相続の手続きで最も大切だと感じたのは、「相続人の確定」「遺産分割協議書の作成」「相続税の申告と納付(入金)」の3つ。いずれも司法書士や税理士に頼めばかなり負担は軽減する。
「相続人の確定」については、姉と冗談交じりに「今は還暦くらいになった隠し子がいたりして」と話していた。司法書士が取り寄せてくれた原戸籍に目を通すときは内心ドキドキだったが、隠し子はおらず問題なかった(めでたし、めでたし)。相続人は母と姉と私の3人。遺産分割協議が始まった。
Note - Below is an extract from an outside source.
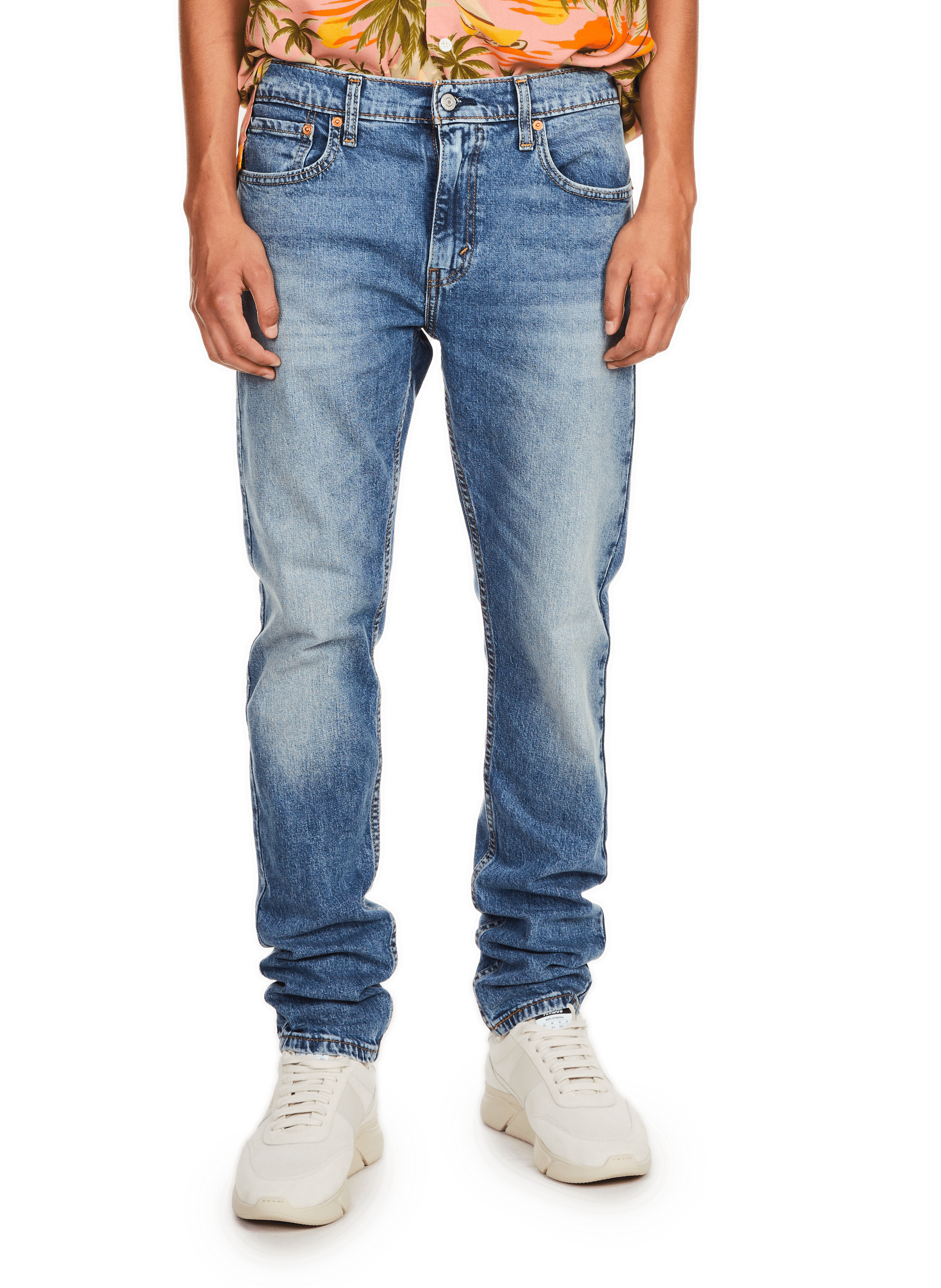 LEVI'S Jeans slim en coton mélangé Bleu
信託銀行に相談に行った。「揉めたくない」という共通意識はあったものの、姉とは互いに違う人生を送ってきた。これまでも介護に対する考えも違っていたし、両親との距離感もまったく違っていた。相続で意見が一致するとは考えづらかった。そこで私から提案した。「多少のお金はかかるけれど、信託銀行に全部依頼しない?」。姉は快諾し、2人で信託銀行に何度か足を運んで遺産分割の相談をすることになった。
冷静に話が進む
信託銀行の担当者は丁寧な物腰で、私たちの意向をくんだ遺産分割の試算を何度もしてくれた。信託銀行での相続相談というのは初めてだったが、この時思ったのは、「相続というものは当事者以外の誰かが入ることによって、たとえ熱を帯びそうになっても冷静に話が進むのだな」ということ。
多くの事例に対応してきたプロフェッショナル集団。優秀な行員揃いだった。しかし、依頼した場合の遺産整理業務費用の高さにひるんでしまい、契約せずにやめてしまった。税理士や司法書士への費用が別料金というのも途中でわかった。すごく申し訳ないことをしたと反省している。